/picap

Network data use case showing PDK and Pilosa.

Primary LanguageGoBSD 3-Clause "New" or "Revised" LicenseBSD-3-Clause

picap is an example use case which collects network traffic and indexes it in Pilosa. It uses tools from the PDK to do this, and so might be a nice example if you want to use the PDK in your own architecture.

Note: a version of this functionality used to be included in the PDK and invoked as pdk net. It has been separated because of dependencies which made use of the PDK as a whole somewhat cumbersome. Namely, it requires libpcap development headers and doesn't cross-compile easily due to reliance on the gopacket library.

Pre-requisites

Install Go, dep, and Pilosa.

Install

go get github.com/pilosa/picap cd $GOPATH/src/github.com/pilosa/picap dep ensure go install ./cmd/picap

Use

You must be running a Pilosa cluster.

See picap -h for command line usage.

Functionality

When invoked, picap reads network packet data, either from an interface, or a pcap file.
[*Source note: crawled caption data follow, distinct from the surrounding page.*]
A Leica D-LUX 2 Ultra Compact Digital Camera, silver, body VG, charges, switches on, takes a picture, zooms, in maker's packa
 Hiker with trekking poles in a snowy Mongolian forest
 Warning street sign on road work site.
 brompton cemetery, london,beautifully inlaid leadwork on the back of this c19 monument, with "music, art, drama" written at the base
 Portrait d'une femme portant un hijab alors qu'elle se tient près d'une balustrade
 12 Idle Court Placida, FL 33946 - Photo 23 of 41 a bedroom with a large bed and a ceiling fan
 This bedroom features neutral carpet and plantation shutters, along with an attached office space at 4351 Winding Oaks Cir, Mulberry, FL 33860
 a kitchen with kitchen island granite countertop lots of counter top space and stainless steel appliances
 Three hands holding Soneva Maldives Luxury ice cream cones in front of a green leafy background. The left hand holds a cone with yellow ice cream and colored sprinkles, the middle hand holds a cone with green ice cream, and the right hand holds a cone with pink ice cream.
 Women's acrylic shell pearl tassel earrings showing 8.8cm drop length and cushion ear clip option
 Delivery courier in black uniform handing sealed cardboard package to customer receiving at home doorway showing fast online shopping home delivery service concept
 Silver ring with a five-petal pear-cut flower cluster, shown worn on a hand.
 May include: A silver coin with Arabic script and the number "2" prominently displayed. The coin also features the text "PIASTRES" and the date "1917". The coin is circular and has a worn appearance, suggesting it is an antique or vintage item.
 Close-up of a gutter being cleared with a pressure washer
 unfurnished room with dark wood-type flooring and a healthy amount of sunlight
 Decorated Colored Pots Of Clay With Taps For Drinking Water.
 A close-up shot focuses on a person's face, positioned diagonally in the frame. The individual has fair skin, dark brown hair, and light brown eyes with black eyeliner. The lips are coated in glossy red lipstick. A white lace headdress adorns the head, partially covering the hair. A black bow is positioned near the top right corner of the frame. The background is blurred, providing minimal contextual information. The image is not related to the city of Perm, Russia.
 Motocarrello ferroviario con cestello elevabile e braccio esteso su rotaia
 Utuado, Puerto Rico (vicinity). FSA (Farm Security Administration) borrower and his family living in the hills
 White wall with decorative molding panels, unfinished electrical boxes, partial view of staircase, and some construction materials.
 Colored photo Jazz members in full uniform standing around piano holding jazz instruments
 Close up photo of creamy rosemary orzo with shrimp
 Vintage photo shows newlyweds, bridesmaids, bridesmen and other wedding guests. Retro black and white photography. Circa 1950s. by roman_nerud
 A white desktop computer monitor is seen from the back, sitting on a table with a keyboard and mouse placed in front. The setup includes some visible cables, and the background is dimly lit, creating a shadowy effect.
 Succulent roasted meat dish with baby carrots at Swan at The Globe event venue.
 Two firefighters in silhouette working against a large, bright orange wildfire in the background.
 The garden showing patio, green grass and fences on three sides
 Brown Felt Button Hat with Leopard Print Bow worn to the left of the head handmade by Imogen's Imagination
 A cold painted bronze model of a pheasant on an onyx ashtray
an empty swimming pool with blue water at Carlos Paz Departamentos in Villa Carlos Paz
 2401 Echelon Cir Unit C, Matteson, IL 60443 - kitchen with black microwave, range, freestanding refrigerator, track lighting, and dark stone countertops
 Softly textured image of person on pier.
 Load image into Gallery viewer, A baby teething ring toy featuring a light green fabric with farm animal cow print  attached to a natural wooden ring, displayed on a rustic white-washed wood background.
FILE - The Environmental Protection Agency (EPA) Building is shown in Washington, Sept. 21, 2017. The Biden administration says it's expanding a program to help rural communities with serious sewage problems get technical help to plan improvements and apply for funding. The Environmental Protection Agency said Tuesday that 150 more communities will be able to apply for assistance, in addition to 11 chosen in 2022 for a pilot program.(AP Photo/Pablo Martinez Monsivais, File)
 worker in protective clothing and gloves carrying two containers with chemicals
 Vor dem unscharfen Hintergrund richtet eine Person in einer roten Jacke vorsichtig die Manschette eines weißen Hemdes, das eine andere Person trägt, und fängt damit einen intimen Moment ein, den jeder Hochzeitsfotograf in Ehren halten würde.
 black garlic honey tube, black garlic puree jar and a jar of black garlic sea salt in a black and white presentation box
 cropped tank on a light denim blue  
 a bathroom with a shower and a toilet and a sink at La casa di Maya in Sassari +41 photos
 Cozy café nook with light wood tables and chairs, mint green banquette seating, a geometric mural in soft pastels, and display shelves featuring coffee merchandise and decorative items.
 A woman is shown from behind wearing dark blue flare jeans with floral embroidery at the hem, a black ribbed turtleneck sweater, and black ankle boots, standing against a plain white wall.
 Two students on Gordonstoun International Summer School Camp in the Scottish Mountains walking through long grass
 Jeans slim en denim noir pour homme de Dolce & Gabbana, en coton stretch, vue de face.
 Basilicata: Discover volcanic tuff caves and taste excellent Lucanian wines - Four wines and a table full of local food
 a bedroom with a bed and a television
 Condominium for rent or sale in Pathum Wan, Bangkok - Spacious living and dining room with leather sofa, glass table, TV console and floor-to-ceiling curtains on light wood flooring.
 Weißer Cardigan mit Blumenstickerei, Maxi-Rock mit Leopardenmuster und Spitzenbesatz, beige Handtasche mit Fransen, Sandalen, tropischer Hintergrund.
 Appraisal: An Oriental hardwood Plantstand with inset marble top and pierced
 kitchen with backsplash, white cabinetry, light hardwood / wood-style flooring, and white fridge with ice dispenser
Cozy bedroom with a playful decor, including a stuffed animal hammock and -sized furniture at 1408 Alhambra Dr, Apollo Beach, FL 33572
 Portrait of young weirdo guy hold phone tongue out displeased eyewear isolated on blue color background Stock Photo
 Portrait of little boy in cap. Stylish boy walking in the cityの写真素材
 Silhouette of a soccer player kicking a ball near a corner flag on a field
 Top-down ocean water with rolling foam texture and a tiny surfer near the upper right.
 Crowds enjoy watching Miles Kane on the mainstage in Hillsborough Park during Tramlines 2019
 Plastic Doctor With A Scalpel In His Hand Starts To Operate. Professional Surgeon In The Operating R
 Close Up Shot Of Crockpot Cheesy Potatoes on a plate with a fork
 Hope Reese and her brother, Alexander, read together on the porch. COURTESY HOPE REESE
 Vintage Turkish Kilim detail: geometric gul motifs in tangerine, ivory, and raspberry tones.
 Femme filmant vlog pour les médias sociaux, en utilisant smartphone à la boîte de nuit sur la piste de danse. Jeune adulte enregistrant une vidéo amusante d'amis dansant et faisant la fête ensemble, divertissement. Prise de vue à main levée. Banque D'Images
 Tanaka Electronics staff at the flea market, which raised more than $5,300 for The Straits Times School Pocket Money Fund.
It extracts information from each packet and indexes that information in Pilosa. Each packet is assigned a new column in Pilosa, and picap extracts a variety of fields, not all of which are necessarily present. See the picap.Packet struct for the most up to date description of what data is extracted.

Picap uses a PDK Translator to maintain mappings between values and their Pilosa IDs. It also starts a proxy server which may be queried in place of Pilosa and will map back and forth between values and Pilosa IDs. For example:

12:52:04~$ curl -XPOST localhost:11000/index/net/query -d'TopN(frame=http-hostname, n=3)' | jq
{
  "results": [
    [
      {
        "Key": "pilosa.com",
        "Count": 1
      },
      {
        "Key": "example.com",
        "Count": 1
      },
      {
        "Key": "readthedocs.org",
        "Count": 1
      }
    ]
  ]
}

Normally the "Key" values in a TopN response are integers, but the proxy has mapped them back to the hostnames that they represent. Similarly on the query side:

curl -XPOST localhost:11000/index/net/query -d'Count(Bitmap(frame=http-hostname, rowID="pilosa.com"))' | jq
{
  "results": [
    1
  ]
}